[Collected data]
---*---

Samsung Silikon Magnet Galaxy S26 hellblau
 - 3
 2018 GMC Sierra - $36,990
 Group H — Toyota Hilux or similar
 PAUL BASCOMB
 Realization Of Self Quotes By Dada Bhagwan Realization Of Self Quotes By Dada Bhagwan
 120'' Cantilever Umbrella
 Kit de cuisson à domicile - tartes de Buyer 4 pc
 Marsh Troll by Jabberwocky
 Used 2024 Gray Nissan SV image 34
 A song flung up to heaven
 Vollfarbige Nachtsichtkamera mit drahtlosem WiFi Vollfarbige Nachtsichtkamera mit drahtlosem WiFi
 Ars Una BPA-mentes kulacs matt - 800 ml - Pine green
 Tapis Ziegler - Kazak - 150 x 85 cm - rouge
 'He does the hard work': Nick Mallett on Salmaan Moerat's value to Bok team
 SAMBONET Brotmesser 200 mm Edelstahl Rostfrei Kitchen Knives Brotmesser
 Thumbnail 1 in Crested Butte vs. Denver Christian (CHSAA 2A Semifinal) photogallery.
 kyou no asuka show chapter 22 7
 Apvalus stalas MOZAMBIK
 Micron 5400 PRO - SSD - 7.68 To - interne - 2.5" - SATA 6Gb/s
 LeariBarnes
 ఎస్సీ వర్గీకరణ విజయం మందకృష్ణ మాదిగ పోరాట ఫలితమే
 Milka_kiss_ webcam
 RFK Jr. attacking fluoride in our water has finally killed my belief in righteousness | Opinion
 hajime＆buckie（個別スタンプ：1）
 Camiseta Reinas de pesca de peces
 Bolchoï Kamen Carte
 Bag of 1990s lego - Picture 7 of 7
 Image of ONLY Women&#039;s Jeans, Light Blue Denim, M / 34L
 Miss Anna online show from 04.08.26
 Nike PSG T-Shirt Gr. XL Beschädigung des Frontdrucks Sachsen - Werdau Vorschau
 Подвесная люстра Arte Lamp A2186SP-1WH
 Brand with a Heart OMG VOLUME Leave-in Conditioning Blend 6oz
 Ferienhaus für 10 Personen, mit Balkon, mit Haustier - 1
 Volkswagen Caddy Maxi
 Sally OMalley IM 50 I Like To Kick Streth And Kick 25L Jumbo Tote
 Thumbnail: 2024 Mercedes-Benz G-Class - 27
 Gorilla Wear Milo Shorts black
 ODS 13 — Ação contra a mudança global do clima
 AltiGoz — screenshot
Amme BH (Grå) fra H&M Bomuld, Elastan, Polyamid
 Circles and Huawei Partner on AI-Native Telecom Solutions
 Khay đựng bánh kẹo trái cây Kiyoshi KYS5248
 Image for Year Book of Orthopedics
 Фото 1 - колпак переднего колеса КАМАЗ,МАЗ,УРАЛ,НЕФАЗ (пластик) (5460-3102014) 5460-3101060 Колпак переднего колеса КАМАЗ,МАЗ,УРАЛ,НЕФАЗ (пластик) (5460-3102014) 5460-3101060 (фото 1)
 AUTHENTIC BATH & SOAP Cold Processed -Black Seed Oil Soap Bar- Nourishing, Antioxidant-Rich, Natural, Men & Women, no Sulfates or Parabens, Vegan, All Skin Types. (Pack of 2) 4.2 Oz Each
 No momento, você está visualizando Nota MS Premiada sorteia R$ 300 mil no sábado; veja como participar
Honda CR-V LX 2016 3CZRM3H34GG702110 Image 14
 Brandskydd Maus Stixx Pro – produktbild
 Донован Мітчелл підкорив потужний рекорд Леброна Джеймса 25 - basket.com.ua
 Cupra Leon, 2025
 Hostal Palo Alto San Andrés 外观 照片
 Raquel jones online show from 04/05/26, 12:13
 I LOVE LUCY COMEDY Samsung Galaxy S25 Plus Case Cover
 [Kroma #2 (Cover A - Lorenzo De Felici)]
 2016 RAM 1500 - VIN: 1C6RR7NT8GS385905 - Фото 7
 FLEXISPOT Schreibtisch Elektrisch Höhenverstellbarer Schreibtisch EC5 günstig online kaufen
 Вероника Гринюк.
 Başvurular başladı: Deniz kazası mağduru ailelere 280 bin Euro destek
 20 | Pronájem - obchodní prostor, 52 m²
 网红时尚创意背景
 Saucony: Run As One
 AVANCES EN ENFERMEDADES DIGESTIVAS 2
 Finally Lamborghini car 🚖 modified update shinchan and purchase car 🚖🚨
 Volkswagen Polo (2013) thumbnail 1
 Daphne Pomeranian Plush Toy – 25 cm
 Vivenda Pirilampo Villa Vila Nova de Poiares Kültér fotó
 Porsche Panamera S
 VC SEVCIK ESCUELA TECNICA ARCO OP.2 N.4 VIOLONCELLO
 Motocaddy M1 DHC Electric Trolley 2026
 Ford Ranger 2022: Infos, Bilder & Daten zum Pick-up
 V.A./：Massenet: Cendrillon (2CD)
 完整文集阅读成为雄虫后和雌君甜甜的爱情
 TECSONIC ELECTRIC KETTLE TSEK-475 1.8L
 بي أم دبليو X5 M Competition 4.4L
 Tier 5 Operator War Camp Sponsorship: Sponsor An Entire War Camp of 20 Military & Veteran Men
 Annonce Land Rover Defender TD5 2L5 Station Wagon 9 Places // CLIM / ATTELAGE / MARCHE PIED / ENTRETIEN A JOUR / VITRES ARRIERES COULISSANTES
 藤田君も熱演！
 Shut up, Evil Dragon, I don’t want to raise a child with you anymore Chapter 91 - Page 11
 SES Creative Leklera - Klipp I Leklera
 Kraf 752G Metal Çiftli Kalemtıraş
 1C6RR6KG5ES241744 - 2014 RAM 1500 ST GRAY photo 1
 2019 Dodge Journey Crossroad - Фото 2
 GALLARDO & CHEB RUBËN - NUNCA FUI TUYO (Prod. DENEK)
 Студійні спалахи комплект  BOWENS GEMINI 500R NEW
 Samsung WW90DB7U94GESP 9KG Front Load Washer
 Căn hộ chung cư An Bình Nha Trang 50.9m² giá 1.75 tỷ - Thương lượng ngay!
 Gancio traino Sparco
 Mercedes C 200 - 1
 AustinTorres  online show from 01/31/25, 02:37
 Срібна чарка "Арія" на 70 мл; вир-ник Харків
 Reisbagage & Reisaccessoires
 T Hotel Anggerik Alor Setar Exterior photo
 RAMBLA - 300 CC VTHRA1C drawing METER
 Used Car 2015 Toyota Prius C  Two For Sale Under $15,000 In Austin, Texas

---*---

=== What the task requires ===
Review the preceding data and report every line that includes the string "online".

=== Answer to this exercise ===
 Miss Anna online show from 04.08.26
 Raquel jones online show from 04/05/26, 12:13
 FLEXISPOT Schreibtisch Elektrisch Höhenverstellbarer Schreibtisch EC5 günstig online kaufen
 AustinTorres  online show from 01/31/25, 02:37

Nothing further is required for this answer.